その瞬間、フィルメリアさん、セルマさん、天姫さんの三人が心底嫌そうな表情を浮かべた。
「……これで、確定ですねぇ。もちろん、事前に邪神関連の存在がいるとほぼ確信してはいましたが、いざこうして存在を証明させられるものを見せられると、心底嫌な気持ちになりますねぇ」
「否定はしない。……で、治るのか? 天使」
「私を誰だと思っているんですかぁ? この程度であれば、造作もありませんよぉ」
セルマさんの挑発するような言葉に、フィルメリアさんはさも当たり前と言った様子で治せると言った。
その言葉は決して嘘ではなく、淡く、それでいて力強い暖かな光を灯した手をボクのお腹にかざすと、治らなかった傷がどんどん塞がっていき、気が付けばそこにはいつもの白いお腹があった。
「わ、すごい、痛みもないよ」
「何か違和感等はありませんかぁ?」
「ううん、大丈夫。ばっちりだよ。内臓の方も治ったみたいだし、ありがとう、フィルメリアさん」
にこっと笑みを浮かべてお礼を言うと、フィルメリアさんは顔を赤くさせながらわたわたとした。
「い、いえいえ、これも私の役目ですのでぇ」
役目って、やっぱり契約相手だからかな?
でも、本当に助かったよ。
正直なところ、倦怠感や痛みが酷かったしね。
「それで、依桜ちゃん。何があったの?」
「あ、はい。そうですね……天姫さん、一旦天姫さんの部屋に行きますか?」
「ん、そやな。ウチもゆっくり訊きたいさかい、行こか」
「うん」
治療を終えて、天姫さんの部屋に移動。
そこでボクは、ボク自身が体験したことを全て話した。
最初こそ、静かに聞いていたけど、戦闘開始以降の話を始めると、それはもう憎らしそうな表情を浮かべていた。
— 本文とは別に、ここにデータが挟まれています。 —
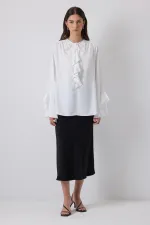 FIRFIR DETAYLI ŞİFON BLUZ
美羽さん以外。
そして、話し終えると、美羽さん以外の三人ははぁ、とため息を吐いた。
「むむ……さっきの治療の時のあれこれでほぼ確定的だったとはいえ、まさか邪神の兵が現れるとは……厄介な話なのだ」
「同感やな。ウチの世界でそないな悪さをするとは思わへんかったけど……それにしても、いずれ邪魔になる、か。どないな意味なんやろうな?」
「それはわかりませんが……とりあえず、この件は我々で調べる必要がありますねぇ」
「あ、じゃあ、ボクも一緒に調べた方がいいかな?」
フィルメリアさんの言葉に、ボクは自分も一緒に調べた方がいいかと訊くと、三人は苦笑いを浮かべながら首を横に振った。
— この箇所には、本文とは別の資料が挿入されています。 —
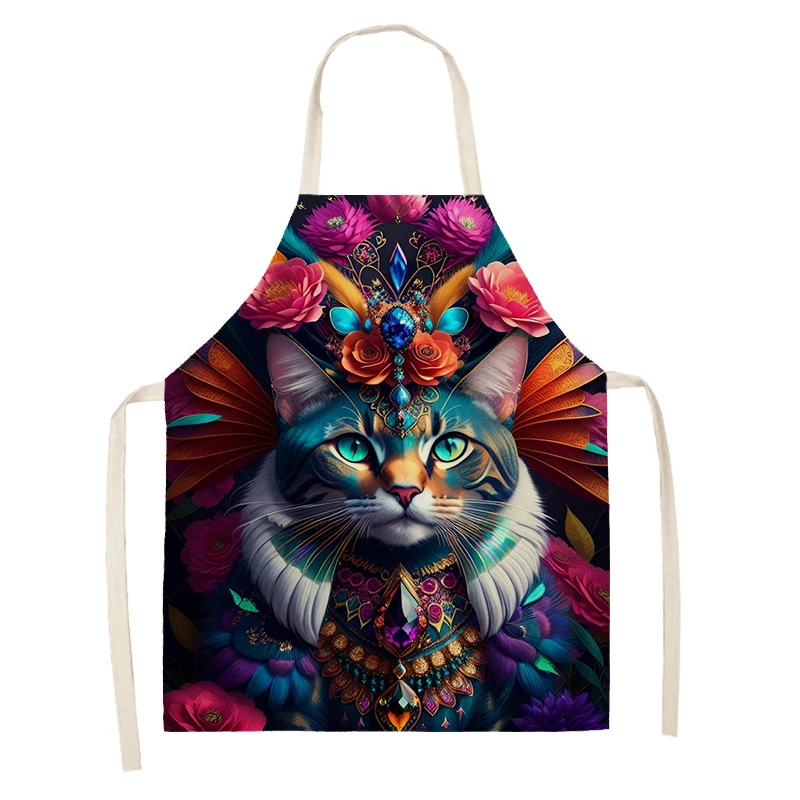 Women\'s kitchen apron oil painting style Restaurant chef barber Waterproof apron for menand child black cute cartoon cat 55×68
「主よ。さすがに今回の件、主を関わらせるわけにはいかないのだ」
「ど、どうして? 確か邪神って、悪い存在なんだよね? 下手したら、世界が滅んじゃうくらいの」
「そやな」
「それなら――」
断られても食い下がろうとしたら、天姫さんが理由を話した。
「そやけど、この件に関してはえらい危険が付き纏う上に、時間もかかる思う。依桜はんは今、学生ちゅう立場やと、二人から聞いてる。その時間を潰してまで、ウチらに協力しいひんでもええ。むしろ、生活を大事にした方がええーな」
「でも……」
「玉さんの言う通りですよぉ。依桜様はまだまだ人生があるわけですし、今しかできないこともたくさんありますぅ。だから、そちらを優先なさってくださいぃ」
そう言われて、少し考え込む。
たしかに、ボクは今学生。
特に、色々な経験をする高校生は一緒に一度きりで、そんな生活ができるのもあと一年と少し。
みんなとまだ遊びたいし、色々な経験もしたい。
……そもそもボクだって、向こうにいた頃は何でもない日常に戻りたいと願っていたわけで、また非日常に行くのは……ちょっと嫌かも。
それなら、みんなに任せるのがいい……よね。
「……わかったよ。申し訳ないけど、みんなに任せるよ」
申し訳なさそうにしつつも、三人に任せる旨を伝えると、三人は安堵した表情を浮かべてうんうんと頷く。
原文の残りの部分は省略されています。